# Assignment:
Look through the records below for the line with "Givenchy Casual Shoes For Men Resilient 7635". Return that line and each one after it up to and including the line with "sofa sets. 3seater 1 seater 1 seater", exactly.

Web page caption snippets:
..........
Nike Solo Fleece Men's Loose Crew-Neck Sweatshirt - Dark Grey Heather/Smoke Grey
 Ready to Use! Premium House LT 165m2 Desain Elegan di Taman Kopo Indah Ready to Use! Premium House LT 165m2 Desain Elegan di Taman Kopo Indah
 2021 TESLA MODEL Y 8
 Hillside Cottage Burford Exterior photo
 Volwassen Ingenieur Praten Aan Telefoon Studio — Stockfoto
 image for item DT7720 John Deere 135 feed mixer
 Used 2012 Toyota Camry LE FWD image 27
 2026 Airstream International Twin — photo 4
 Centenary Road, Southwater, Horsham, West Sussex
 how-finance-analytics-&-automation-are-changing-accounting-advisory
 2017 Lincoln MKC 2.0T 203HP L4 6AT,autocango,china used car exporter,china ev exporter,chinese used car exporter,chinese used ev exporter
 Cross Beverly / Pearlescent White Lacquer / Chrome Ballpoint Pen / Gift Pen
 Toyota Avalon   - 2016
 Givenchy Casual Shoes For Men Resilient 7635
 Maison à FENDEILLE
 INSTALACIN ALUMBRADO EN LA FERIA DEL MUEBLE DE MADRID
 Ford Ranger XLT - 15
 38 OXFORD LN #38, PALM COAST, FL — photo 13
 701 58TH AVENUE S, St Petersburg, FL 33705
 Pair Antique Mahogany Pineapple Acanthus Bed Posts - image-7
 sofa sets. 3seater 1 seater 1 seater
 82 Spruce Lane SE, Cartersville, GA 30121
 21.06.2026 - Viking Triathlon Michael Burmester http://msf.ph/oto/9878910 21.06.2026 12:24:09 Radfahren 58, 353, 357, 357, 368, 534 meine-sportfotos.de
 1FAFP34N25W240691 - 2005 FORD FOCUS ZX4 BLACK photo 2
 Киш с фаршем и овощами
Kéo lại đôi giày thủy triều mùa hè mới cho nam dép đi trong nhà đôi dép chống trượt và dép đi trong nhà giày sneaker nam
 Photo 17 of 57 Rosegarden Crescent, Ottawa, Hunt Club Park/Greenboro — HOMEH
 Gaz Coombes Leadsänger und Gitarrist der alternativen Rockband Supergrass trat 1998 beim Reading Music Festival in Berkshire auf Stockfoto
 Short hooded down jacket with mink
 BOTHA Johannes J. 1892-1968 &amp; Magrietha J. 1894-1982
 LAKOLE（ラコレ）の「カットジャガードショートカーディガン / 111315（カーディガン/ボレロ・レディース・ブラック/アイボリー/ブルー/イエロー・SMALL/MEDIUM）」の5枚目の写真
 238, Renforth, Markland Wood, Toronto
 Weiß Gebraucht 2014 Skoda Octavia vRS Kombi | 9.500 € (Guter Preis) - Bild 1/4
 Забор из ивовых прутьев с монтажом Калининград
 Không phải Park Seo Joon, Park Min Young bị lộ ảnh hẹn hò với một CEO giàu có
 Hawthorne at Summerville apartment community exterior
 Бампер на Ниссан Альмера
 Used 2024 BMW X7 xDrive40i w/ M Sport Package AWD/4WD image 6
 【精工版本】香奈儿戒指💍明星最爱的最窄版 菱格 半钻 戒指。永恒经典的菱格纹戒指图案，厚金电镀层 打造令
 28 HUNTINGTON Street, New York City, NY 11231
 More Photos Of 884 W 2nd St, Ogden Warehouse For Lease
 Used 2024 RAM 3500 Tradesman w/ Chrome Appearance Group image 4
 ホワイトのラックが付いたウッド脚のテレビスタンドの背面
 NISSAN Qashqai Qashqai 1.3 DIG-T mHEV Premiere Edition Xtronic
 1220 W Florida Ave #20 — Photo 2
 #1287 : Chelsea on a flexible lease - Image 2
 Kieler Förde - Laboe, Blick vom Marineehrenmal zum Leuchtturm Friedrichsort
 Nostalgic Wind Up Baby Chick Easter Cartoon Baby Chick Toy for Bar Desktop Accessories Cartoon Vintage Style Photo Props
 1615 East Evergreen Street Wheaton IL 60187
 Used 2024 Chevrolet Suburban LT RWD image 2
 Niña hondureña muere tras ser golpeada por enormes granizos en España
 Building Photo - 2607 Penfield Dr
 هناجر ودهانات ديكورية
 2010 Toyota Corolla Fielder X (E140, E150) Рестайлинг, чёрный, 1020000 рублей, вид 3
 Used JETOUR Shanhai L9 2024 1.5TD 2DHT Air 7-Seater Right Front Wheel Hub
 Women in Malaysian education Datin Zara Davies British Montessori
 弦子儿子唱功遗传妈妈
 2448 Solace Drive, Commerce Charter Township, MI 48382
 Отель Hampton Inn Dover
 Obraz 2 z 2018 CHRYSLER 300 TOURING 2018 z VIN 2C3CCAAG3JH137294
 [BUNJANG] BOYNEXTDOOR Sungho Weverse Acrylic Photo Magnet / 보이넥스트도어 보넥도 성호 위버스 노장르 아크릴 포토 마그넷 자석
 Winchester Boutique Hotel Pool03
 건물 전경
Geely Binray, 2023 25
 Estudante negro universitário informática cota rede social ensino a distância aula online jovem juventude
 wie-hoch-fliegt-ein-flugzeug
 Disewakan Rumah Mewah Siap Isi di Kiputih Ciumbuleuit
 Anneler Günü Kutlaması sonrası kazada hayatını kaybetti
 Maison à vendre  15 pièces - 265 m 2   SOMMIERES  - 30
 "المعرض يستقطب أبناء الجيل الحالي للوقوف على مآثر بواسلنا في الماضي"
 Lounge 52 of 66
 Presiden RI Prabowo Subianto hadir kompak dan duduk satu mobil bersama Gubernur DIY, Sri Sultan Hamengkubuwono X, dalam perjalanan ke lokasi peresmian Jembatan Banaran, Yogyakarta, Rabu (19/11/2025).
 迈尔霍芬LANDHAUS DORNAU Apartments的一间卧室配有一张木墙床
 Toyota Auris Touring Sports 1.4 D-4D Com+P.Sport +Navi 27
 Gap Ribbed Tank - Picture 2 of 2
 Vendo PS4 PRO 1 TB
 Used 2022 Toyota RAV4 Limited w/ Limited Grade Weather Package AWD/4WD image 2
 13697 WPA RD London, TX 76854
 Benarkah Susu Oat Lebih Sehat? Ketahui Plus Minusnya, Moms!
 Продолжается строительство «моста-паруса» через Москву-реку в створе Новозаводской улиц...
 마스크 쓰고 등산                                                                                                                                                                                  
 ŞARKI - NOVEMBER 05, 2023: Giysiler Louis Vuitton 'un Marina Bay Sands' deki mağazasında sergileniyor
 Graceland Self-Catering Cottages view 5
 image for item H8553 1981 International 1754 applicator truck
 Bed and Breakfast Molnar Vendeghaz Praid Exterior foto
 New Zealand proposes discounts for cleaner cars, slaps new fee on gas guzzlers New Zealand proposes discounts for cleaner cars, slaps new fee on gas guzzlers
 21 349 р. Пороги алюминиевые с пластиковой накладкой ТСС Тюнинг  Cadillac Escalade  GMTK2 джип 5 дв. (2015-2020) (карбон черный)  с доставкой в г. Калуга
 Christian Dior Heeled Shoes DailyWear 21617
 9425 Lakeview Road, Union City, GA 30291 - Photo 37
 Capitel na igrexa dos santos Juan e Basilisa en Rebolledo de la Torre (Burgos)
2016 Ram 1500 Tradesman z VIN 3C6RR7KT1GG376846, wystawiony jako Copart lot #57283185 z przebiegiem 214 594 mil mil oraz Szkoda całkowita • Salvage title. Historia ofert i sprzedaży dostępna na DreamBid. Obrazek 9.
..........
# Reply to the task:
 Givenchy Casual Shoes For Men Resilient 7635
 Maison à FENDEILLE
 INSTALACIN ALUMBRADO EN LA FERIA DEL MUEBLE DE MADRID
 Ford Ranger XLT - 15
 38 OXFORD LN #38, PALM COAST, FL — photo 13
 701 58TH AVENUE S, St Petersburg, FL 33705
 Pair Antique Mahogany Pineapple Acanthus Bed Posts - image-7
 sofa sets. 3seater 1 seater 1 seater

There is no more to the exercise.